Winter 2018

Ohio Supreme Court Decisions & Developments

Related Practices

Attorneys & Professionals

Olentangy Local Schools Bd. of Edn. v. Delaware Cty. Bd. of Revision, Slip Op. 2017-Ohio-8347 (Oct. 31, 2017)

This case involves the valuation of a commercial condominium unit for tax year 2009. In April 2009, the property owner conveyed a portion of its property for $2,000,000. The owner contended that the April 2009 sale price must be utilized to apportion the value between the two parcels. Essentially because the auditor valued the two parcels at a total value of $2,300,000 for 2009, the retained parcel should be worth $300,000 because the property that was sold, transferred at $2,000,000. The BOR agreed with the property owner’s position, but the BTA reversed finding that the retained parcel did not recently transfer and there was no competent evidence to support the value requested. On appeal the property owner argued that the property should be valued consistent with the recent sale. However, this is not a straight-forward application of 5713.03 because the property under appeal was the remainder and did not sell. At both the BOR and BTA there was also testimony regarding the rezoning and the creation of the condominium, which occurred after lien date. Ultimately the Court found that there was not a recent sale of the subject parcel. The Court remanded the case to the BTA for further consideration to determine the value of the remnant parcel based upon its correct acreage.

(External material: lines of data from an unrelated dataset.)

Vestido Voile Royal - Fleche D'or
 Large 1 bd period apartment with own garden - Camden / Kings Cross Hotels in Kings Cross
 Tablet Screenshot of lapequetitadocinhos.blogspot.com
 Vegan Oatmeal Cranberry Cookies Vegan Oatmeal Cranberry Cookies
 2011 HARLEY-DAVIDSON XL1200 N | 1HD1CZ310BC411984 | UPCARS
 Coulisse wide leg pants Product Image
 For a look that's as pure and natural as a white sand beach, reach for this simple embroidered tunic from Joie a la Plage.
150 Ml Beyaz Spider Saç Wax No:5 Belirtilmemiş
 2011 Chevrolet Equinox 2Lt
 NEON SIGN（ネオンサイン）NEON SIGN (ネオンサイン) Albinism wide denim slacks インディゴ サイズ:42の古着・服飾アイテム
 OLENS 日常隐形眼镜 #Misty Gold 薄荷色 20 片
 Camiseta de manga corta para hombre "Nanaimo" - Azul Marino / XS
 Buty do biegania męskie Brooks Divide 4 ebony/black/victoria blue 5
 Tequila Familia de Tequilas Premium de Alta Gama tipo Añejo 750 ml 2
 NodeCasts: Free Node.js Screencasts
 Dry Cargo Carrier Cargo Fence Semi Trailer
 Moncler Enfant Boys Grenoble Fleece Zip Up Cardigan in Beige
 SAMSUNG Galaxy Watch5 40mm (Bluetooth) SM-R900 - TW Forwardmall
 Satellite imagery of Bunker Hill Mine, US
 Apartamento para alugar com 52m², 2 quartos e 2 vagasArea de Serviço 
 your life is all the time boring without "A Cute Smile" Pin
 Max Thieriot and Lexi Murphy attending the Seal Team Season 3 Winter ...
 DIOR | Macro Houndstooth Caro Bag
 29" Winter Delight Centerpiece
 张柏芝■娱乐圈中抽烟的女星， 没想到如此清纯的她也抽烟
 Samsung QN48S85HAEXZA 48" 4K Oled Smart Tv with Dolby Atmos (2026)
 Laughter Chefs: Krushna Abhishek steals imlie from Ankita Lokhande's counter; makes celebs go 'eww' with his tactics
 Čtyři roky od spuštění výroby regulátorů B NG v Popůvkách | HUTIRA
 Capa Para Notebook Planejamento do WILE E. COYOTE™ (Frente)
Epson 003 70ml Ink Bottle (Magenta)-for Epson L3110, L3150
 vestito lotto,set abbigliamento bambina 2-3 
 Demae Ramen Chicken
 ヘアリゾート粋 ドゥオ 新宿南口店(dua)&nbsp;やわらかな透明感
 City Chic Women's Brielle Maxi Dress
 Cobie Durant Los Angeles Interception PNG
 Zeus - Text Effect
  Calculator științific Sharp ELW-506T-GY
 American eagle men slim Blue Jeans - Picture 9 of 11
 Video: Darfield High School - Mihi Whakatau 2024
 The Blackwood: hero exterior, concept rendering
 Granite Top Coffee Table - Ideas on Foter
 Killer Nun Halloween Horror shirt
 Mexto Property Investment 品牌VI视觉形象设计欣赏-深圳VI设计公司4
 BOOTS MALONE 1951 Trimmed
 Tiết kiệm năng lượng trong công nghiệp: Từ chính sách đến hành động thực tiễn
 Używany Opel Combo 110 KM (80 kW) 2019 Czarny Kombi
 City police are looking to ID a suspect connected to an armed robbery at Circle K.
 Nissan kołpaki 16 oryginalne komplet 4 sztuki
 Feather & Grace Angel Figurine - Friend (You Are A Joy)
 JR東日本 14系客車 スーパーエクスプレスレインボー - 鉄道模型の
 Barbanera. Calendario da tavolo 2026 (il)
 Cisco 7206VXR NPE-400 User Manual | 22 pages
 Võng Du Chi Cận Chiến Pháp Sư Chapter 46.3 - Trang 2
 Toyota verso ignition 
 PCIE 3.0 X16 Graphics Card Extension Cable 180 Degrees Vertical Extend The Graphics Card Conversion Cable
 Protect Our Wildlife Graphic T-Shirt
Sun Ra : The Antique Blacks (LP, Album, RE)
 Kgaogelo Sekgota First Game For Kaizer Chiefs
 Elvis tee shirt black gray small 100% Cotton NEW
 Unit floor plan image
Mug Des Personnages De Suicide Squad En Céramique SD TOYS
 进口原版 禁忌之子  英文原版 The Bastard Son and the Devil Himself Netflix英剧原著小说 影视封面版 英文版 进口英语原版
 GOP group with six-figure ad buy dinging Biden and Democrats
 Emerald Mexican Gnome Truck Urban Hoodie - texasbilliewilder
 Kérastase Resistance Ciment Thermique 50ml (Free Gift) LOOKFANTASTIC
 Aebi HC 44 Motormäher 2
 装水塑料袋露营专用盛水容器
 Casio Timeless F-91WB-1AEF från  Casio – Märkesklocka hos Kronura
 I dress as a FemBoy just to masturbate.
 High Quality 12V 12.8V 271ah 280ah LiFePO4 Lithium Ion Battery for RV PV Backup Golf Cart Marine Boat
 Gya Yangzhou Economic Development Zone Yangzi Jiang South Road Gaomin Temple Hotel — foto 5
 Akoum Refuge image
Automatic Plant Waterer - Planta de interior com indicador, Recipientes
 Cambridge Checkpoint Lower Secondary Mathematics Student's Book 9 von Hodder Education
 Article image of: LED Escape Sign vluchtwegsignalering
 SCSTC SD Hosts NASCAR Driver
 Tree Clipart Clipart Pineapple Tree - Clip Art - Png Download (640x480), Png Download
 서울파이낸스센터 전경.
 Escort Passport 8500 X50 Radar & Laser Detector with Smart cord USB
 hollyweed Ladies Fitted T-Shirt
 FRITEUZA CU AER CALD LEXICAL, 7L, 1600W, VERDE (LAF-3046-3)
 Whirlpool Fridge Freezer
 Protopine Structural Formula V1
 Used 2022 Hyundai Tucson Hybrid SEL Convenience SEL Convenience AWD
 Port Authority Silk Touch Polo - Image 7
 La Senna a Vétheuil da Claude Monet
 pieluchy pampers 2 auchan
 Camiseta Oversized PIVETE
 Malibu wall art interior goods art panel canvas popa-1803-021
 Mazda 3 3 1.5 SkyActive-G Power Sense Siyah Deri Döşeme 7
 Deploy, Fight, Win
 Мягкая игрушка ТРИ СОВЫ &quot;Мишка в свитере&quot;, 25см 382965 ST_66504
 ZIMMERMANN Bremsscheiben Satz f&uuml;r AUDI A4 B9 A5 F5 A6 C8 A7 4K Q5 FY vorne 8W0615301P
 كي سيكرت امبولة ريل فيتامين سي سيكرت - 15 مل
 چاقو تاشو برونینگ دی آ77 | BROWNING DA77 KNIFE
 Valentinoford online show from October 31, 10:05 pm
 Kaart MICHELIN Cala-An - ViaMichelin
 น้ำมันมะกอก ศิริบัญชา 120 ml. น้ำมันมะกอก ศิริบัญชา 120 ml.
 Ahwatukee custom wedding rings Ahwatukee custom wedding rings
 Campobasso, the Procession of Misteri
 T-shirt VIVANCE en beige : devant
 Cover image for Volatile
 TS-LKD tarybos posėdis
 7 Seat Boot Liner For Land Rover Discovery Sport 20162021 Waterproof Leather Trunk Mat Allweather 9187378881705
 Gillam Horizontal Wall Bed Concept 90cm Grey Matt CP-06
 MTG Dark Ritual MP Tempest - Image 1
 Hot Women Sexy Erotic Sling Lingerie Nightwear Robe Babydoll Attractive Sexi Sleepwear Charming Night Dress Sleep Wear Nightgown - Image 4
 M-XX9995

South-Western City School Dist. Bd. of Edn. v. Franklin Cty. Bd. of Revision, Slip Op. 2017-Ohio-8384 (Nov. 2, 2017)

This case involved the valuation of a residential property in Columbus for tax year 2011. The owner filed a complaint seeking a reduction in value. At the BOR the owner presented comparable sales prepared by a real estate agent, who did not appear at hearing, along with testimony regarding relatives that rented the property from the owner. The BOR considered additional evidence based upon its own research after the hearing and granted a reduction from $113,300 to $65,000. The BOE appealed to the BTA. At the BTA the auditor’s representative testified regarding how the BOR determined value, but did not provide specific documentation regarding the comparable sales and income analysis performed by the Board. The BTA affirmed the BOR’s decision, but admonished the BOR for failing to provide a record capable of being reviewed on appeal. The Court found that the BTA failed to properly perform its statutory duty to independently find value because it was unable to state the evidence it considered when determining value. The Court found that the deference to the BOR was improper because the BTA must independently weigh the evidence, and not merely recite what evidence was in the record. The case was remanded to the BTA.

Olentangy Local Schools Bd. of Edn. v. Delaware Cty. Bd. of Revision, Slip Op. 2017-Ohio-8386 (Nov. 2, 2017)

This case involved the valuation of vacant land for tax year 2011. The property was zoned planned residential district and is also subject to a homeowners’ association agreement. The property owner sought a reduction in value and submitted an appraisal to support its request. The BOR granted a reduction to the appraisal. On appeal the BOE argued that the appraisal should be rejected because it didn’t value the property as if unencumbered. The Court found that the appraiser used a proper approach to determine value based upon his highest and best use and that his value was reasonable based upon his comparable sales. The Court concluded that the BTA acted reasonably and lawfully by accepting the property owner’s appraisal.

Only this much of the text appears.